For Hadley Dunn, life so far has been uneventful – no great loves, no searing losses. But that’s before she decides to spend a year studying in the glittering Swiss city of Lausanne, a place that feels alive with promise. Here Hadley meets Kristina, a beautiful but elusive Danish girl, and the two quickly form the strongest of bonds. Yet one November night, as the first snows of winter arrive, tragedy strikes. Hadley, left reeling and guilt-stricken, beings to lean on the only other person to whom she feels close, her American Literature professor Joel Wilson. But as the pair try to uncover the truth of what happened that night, their tentative friendship heads into forbidden territory. And before long a line is irrevocably crossed, everything changes, and two already complicated lives take an even more dangerous course…
I enjoyed A Heart Bent Out of Shape. It’s clear that Lausanne has a very special place in Emylia Hall’s heart, and her descriptions of the city are gorgeous – they made me want to visit Switzerland immediately! The sense of place, a city so perfect and its inhabitants so poised, contrasted beautifully with the naivety of Hadley Dunn. The tragedy at the centre of the story complicates her bold steps towards independence.
At times I found Hadley sweetly endearing, at others incredibly frustrating. Her desire to take in all of her new experience studying abroad is gorgeous; she grasps the opportunity to meet new people and see new places. Her friendship with Hugo Bezier, an old gentleman with many stories to tell, exemplified this for me. She strikes up conversation with the most interesting person in the room despite convention or appearance. The other side of this is how completely she falls under Kristina’s spell. On the surface Kristina is fascinating and compelling, but she also completely dominates Hadley’s attention. Hadley’s adventure quickly revolves around Kristina and she makes less effort to widen her circle of friends. The closeness between them is a little one-sided; Kristina has another life without Hadley, which she guards more carefully than such a close friendship would suggest.

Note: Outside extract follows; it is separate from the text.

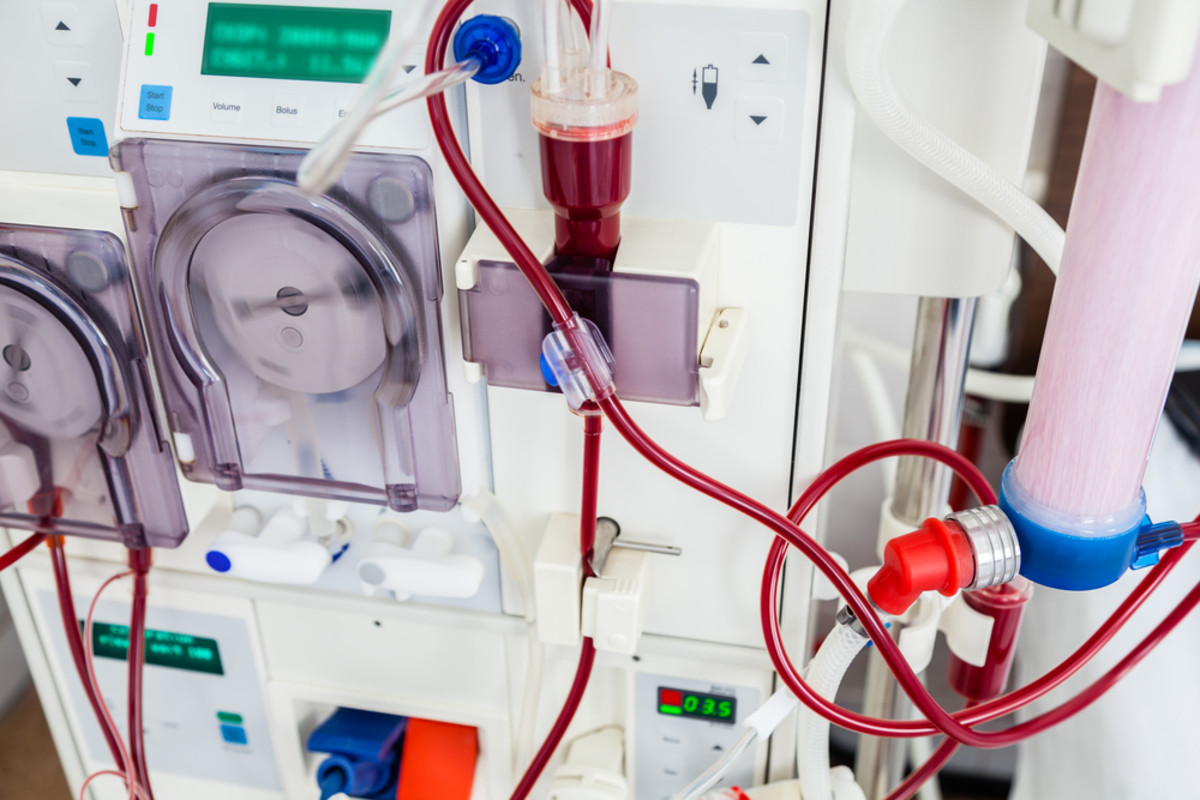 Dialysis device. (Photo: beerkoff/Shutterstock)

The circumstances of the tragedy that changes Hadley’s year abroad also leave her feeling in some way responsible. Her way of dealing with it is to search out the truth of the incident and seek Kristina’s mysterious boyfriend. I partly sympathise with her need to understand something so sudden and final, but I couldn’t help thinking she was somehow wallowing in the drama of the situation. I might be being incredibly unfair to the character but she does make it all harder for herself and others. Her quest is jumbled with an ill-advised relationship with her professor, neither of which seemed to hold out much hope for her.
There are some lovely moments in the book where Hall really taps into emotions. Hadley’s grief makes her restless, and her bookcase fills up with ‘infinitely precious’ objects that embody treasured memories. After a disagreement Hadley can’t shake off the mood as ‘she wasn’t grown up enough to feel her way deftly back into equanimity.’ My first thought was, who is? The book also got me thinking about the difference between surface and reality; it’s a theme that crops up quite often in the story both with individuals and with the place itself.
A Heart Bent Out of Shape has enough twists to keep the story intriguing, and I wasn’t sure how it would be resolved. Although there is a lot of snow and wintry weather it would make a compelling holiday read – it has that sense of adventure being somewhere ‘not home’ affords and a page-turner of a plot.
The book is available now in paperback from Headline Review. It is the first book I’ve received and reviewed through the publisher’s new Bookbridgr initiative.